Leeremos sobre un ladrón que se apropió de una maleta con los primeros momentos de la carrera de un narrador, tres años que se volatilizan en minutos. También sucederá una venganza entre dos oficiales nazis, que acabó para siempre con la obra cumbre de un escritor cumbre, de la que nos quedan dos capítulos publicados en forma de relato –¿habrían sido excluidos?– y la frase inicial en el recuerdo de un amigo (maravillosa, dicho sea de paso); además, cuando años más tarde parece que el texto podría renacer, un fatal accidente cercena de nuevo la posibilidad. Luego descubriremos cómo el camino a la autoperfección impulsa a su autor a arrojar a la chimenea el manuscrito que contenía la segunda parte de su gran obra, incapaz de abarcar con su pluma el objetivo marcado.
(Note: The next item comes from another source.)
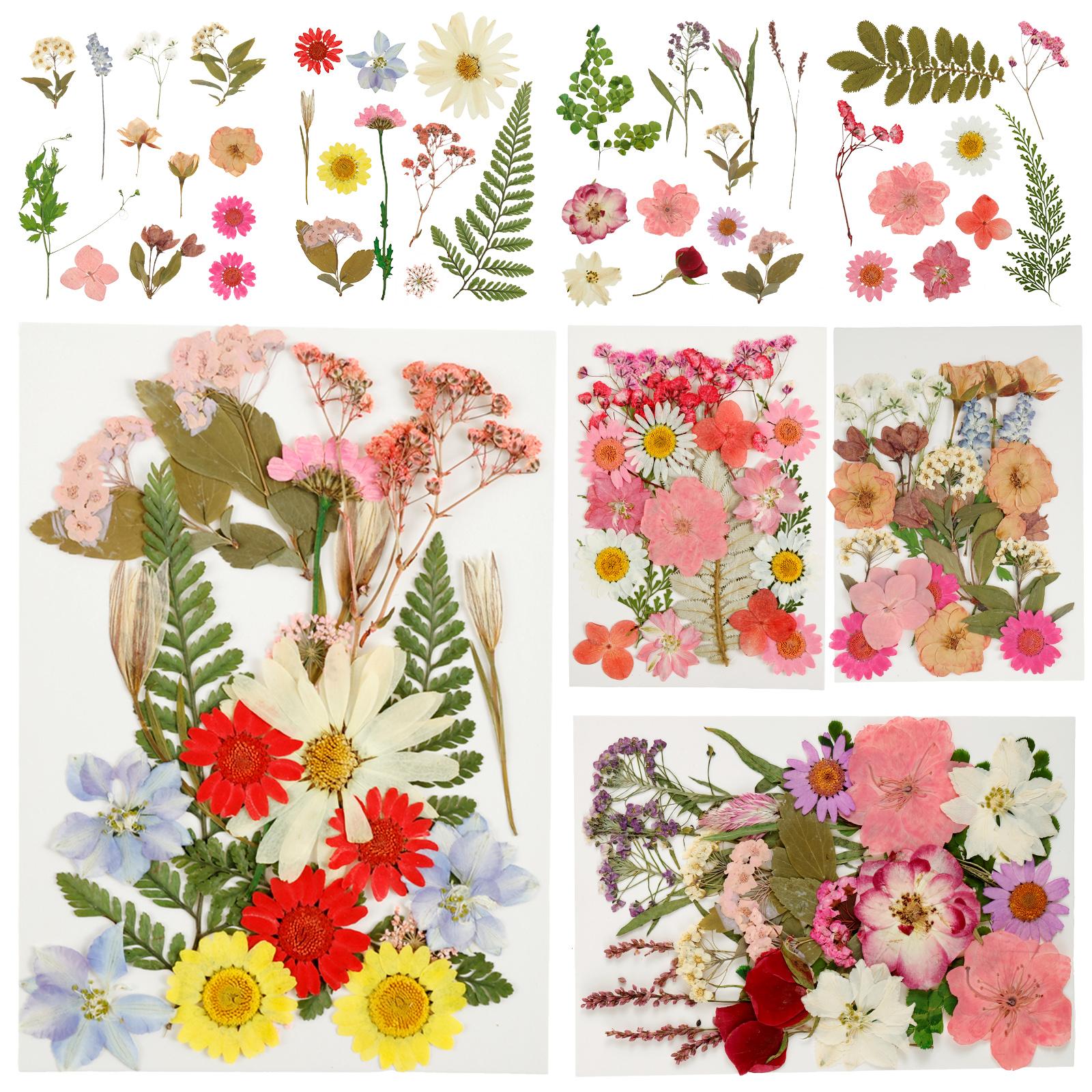 4Sheets Dried Flower DIY Bulk Scrapbooking Pressed Flower Resin Art Crafts Natural Dry Pressed Flowers Decor for Ornament Making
El alcohol, la poca cabeza y el fuego se alinean para terminar con un volumen de más de mil páginas, y esa tríada imposibilita que su creador tenga las condiciones de ánimo necesarias para reemprender la aventura. Otro caso será el de la huida fatal de una Europa destruida por el fascismo, unida a la mala suerte del momento inoportuno, que empujan al suicidio a uno de los teóricos más inteligentes que nos ha entregado el pasado siglo; con él, se pierden los papeles, cuyo tema se desconoce, que viajaban en una maleta negra que mantenía consigo con empeño. Finalmente, los estragos de la depresión harán acto de presencia, para llevarse la vida y la literatura de uno de fenómenos poéticos del siglo XX.

Ahora bien, si no creemos en la resurrección de la carne, cabe poner nuestra fe en la resurrección libresca, y esperar que van Straten nos regale una Historia de los libros reencontrados, cuyo título, si el lector se anima a acercase a este ensayo, también podría ser Contra el fuego y las maletas. Volviendo a la historia-ficción, en ocasiones sueño con un nuevo fragmento que venga a recomponer el puzle de los poemas de Safo, con una tablilla rediviva del Gilgamesh, con la Fuente Q, si alguna vez existió… Estas cosas ocurren: ocurrió con Aristóteles en el siglo I a. C. y con Emily Dickinson tras su muerte en 1886. La fe, decía, la podemos depositar entonces en la permanencia de la literatura, hábil jugadora al escondite, y aceptar a pies juntillas aquello que escribió Bulgákov en El Maestro y Margarita: «Eso no puede ser. Los manuscritos no arden».